*** Opening of PROVIDED RECORDS ***

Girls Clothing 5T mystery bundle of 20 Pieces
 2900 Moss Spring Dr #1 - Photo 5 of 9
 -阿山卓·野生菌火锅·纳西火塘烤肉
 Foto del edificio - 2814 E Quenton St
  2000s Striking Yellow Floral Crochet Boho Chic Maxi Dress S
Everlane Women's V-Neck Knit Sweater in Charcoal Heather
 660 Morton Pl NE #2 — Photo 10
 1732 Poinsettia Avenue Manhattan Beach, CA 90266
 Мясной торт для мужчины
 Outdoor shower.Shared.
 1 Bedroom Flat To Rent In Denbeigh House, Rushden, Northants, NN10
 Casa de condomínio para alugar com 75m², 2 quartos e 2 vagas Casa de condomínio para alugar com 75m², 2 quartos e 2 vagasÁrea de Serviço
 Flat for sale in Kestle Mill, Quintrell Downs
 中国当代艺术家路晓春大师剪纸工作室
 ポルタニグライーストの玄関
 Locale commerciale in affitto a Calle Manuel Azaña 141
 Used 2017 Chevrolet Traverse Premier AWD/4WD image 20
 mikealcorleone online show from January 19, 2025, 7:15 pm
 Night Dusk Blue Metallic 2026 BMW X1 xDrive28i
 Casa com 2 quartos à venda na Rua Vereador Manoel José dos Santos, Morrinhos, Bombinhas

*** Close of PROVIDED RECORDS ***

**WORK REQUIRED**:
An exact copy of every record is needed; write it out in full.

**RESPONSE TO THE EXERCISE**:
Girls Clothing 5T mystery bundle of 20 Pieces
 2900 Moss Spring Dr #1 - Photo 5 of 9
 -阿山卓·野生菌火锅·纳西火塘烤肉
 Foto del edificio - 2814 E Quenton St
  2000s Striking Yellow Floral Crochet Boho Chic Maxi Dress S
Everlane Women's V-Neck Knit Sweater in Charcoal Heather
 660 Morton Pl NE #2 — Photo 10
 1732 Poinsettia Avenue Manhattan Beach, CA 90266
 Мясной торт для мужчины
 Outdoor shower.Shared.
 1 Bedroom Flat To Rent In Denbeigh House, Rushden, Northants, NN10
 Casa de condomínio para alugar com 75m², 2 quartos e 2 vagas Casa de condomínio para alugar com 75m², 2 quartos e 2 vagasÁrea de Serviço
 Flat for sale in Kestle Mill, Quintrell Downs
 中国当代艺术家路晓春大师剪纸工作室
 ポルタニグライーストの玄関
 Locale commerciale in affitto a Calle Manuel Azaña 141
 Used 2017 Chevrolet Traverse Premier AWD/4WD image 20
 mikealcorleone online show from January 19, 2025, 7:15 pm
 Night Dusk Blue Metallic 2026 BMW X1 xDrive28i
 Casa com 2 quartos à venda na Rua Vereador Manoel José dos Santos, Morrinhos, Bombinhas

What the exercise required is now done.